Is there a way to extract only the second or third (for example) occurrence of a pattern in the string?
This is an excellent package, can get a lot of work done with minimal coding. And is educational as well (as the author described); it teaches the basics of regex in r.
This is a small example to illustrate my question:
d = "started on 09/29/1980, continued till 02/11/2020, last noted 2/14/2020"
rm_date(d, extract=TRUE)
when I run this code, it extracts the 3 dates in the string.
[1] "09/29/1980" "02/11/2020" "2/14/2020"
is there a way to extract only the second or the third?
thank you
Does the second instance always contain: continued till prior to the desired date and likewise the 3rd contain: last noted prior to the desired date?

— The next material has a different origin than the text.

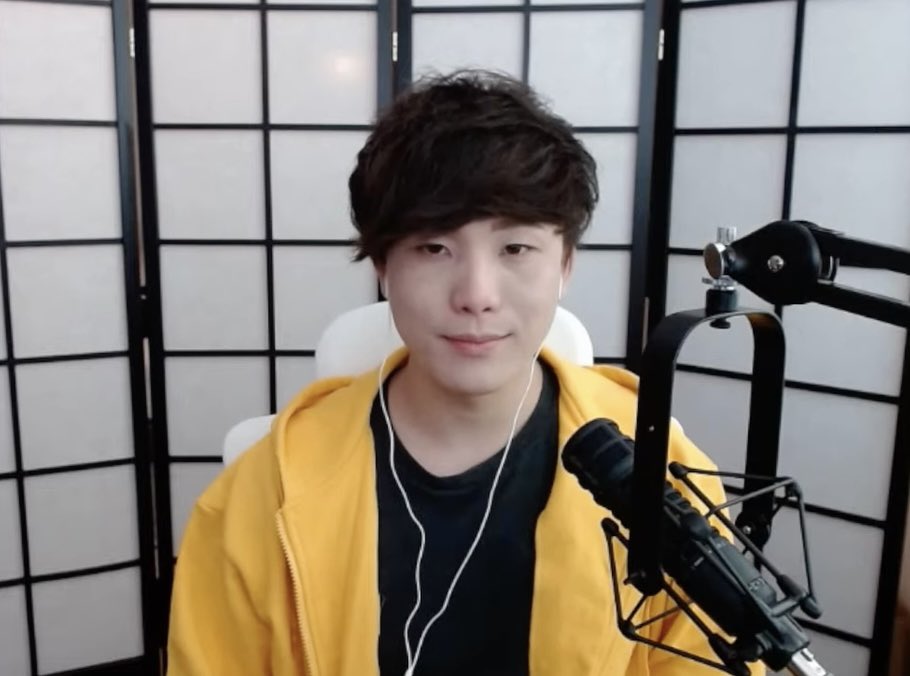 sykpics's tweet photo. 081722

💛syk wearing yellow💛

#Sykkuno https://t.co/sC6uurS6Ni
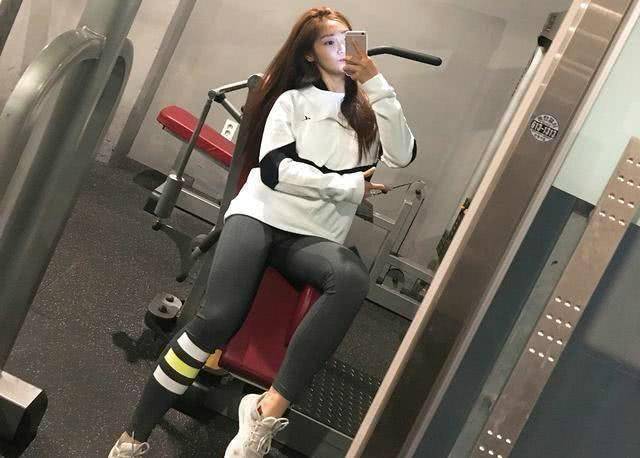 韩国姑娘身材结实强壮肌肉线条让男生羡慕却不失女性魅力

Hello, thanks for the great package and the quick reply.
unfortunately the pattern before the dates is not constant (I am working on a group of reports ~ 1000). I tried initially to fit different patterns using this for example:
ex_between(d, c("STR1", "STR4"), c("STR2", "STR5"))

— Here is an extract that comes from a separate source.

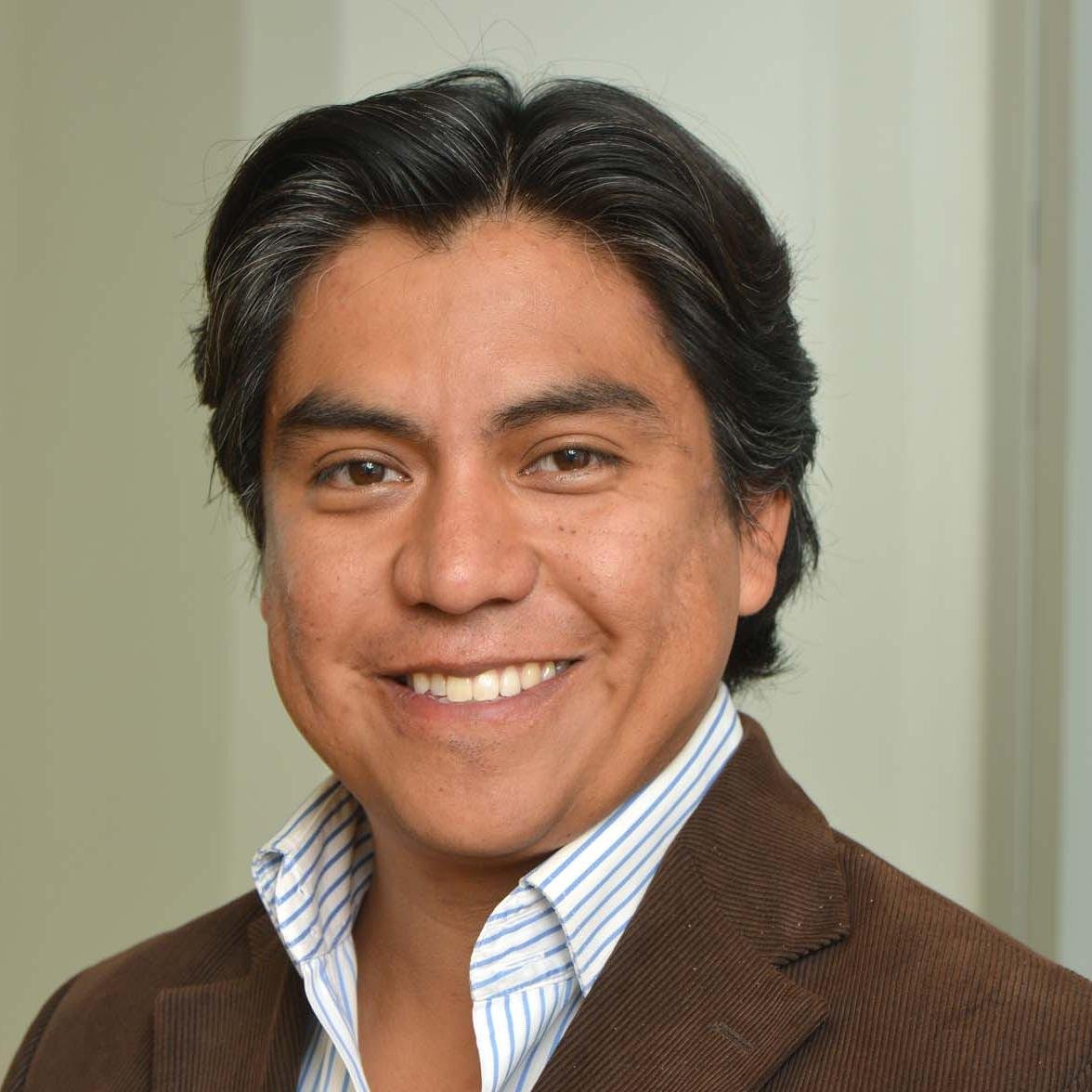 Dad, husband, project adviser. Passionate about tech/politics, eGov,  microelectronics,  digital connectivity infrastructures. Audiophile. Football team PUMAS!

but there were too many variations in the pattern before and after, however the dates in the reports are always ordered in the same way. that's why I was checking if there is a way to select a particular occurrence.
Ok, if you know that you always want the 2nd or third date I'd still extract everything and then process with an sapply with [ to grab the specific element from the list output given by ex_date as seen below:
d <- c(
"started on 09/29/1980, continued till 02/11/2020, last noted 2/14/2020",
"started on 09/29/1980, continued till 02/11/2020, last noted 2/14/2020",
"started on 09/29/1980, continued till 02/11/2020, last noted 2/14/2020"
)
sapply(qdapRegex::ex_date(d), `[`, 2)
## [1] "02/11/2020" "02/11/2020" "02/11/2020"
sapply(qdapRegex::ex_date(d), `[`, 3)
## [1] "2/14/2020" "2/14/2020" "2/14/2020"
Appreciate your help. This works perfect. sorry for the late reply.